汗は夢のしずく、垢は希望のかけら
自分の身体を自分がどうしようが勝手じゃないか。なにしろ俺には山のような借金とそれを知らない美しい恋人がいる。この方法しかないんだ。三田は自分にそう言い聞かせながらチャイムを鳴らした。
「あのう、実験ボランティアに応募した三田ですけど」
「ああ、お待ちしてました」
ヨレヨレの白衣を着た中年男が三田を出迎えた。
「人体実験に参加すれば即金でくれるって本当?」
男は三田をいきなり部屋の中へ引っ張り込んだ。
「しいっ、静かに。
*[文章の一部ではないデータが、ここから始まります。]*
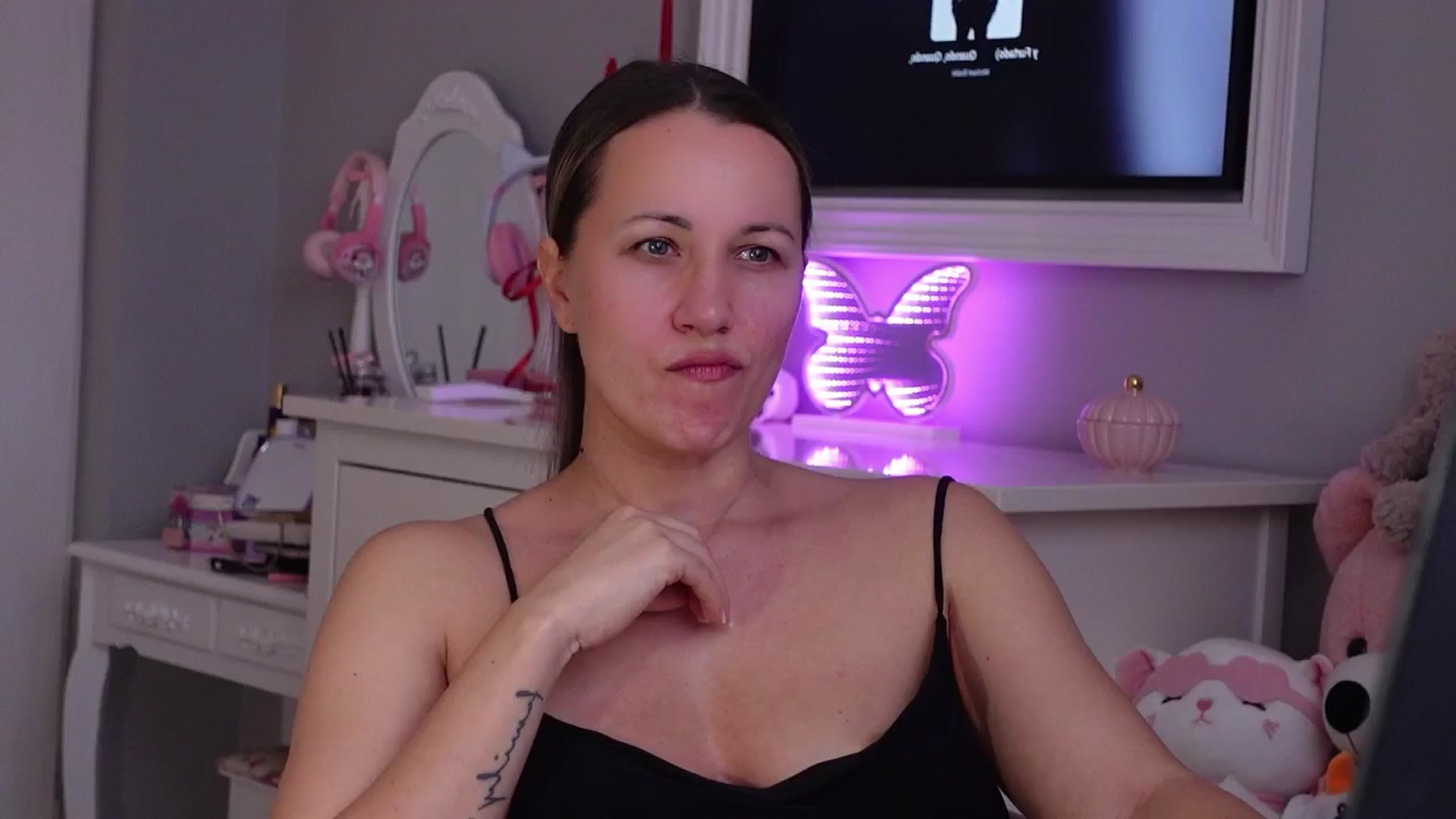 Gallery image thumbnail from PreciousSusan's myfreecams stream on, 12/09/2025, 09:53 image 3 of 20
嘘は申しません。お金は差し上げますが、無条件でこの液を飲んでいただきます」
男は透明な液の入った試験管を差し出した。
「これがメールにあった夢の新薬って奴かい」
「はい。この液の中のウイルスに感染すると、身体中の分泌液が薬効を持つようになります。各消化液には抗癌作用のある消化管運動調整剤が。あなたの涙は老化阻止薬、唾液は免疫強化剤に…」
「待てよ。そんなふうに遺伝子を変化させたら、かえって免疫のバランスが崩れて身体に悪いんじゃないのか?」
三田の言葉に中年男は無言で目をそらした。
「ま、いいさ。どうせ金を工面できなきゃ借金取りに命を取られちまうんだし」
恋人の事を考えながら三田は試験管の中の液体を飲み干した。
数年後、妻となった恋人を満足そうに眺めながら三田はソファに寝そべっていた。
心配した健康被害も今のところ起こっていない。
風呂上がりの妻は美白液を顔にほんの少し塗り付けた、ただでさえ白い妻の肌がますます輝くように白く透き通る。
三田の視線を感じ彼女は少し恥じらった顔をした。
「これ、すごくいいのよ。高いけど」
三田は昨日の中年男との会話を思い出した。
奴も今では研究所長となりピンと張った白衣で風を切って歩いている。
「でも三田さんに感染したウイルスがあんなに変異するなんてねえ」
「全くだね。俺はびっくりしたよ。俺の汗がかかった婆さんの肌がみるみるうちに真っ白になるんだからな」
「あなたから分泌される老廃物だけが化粧品になるなんて……。他にも何人か試したんですが化粧品はおろか、薬にもならない。結局成功したのはあなただけでした」
「これを成功というのかね。しかし俺の汗から精製したものを妻が顔に塗りつけてると思うと複雑だよ」
「昔から女性はきれいになるためならうぐいすの糞だって塗りたくりますからね。汗くらいなんでもありませんよ」
ここで所長は急に真面目な顔になった。
「ところで、あなたの爪の垢をまた採取したいのですが」
「いいけど、何か効用があるの?」
「巨万の富の種です。実は、増毛効果が見つかったんです」
彼は薄くなりかけた頭に手をやって苦笑いした。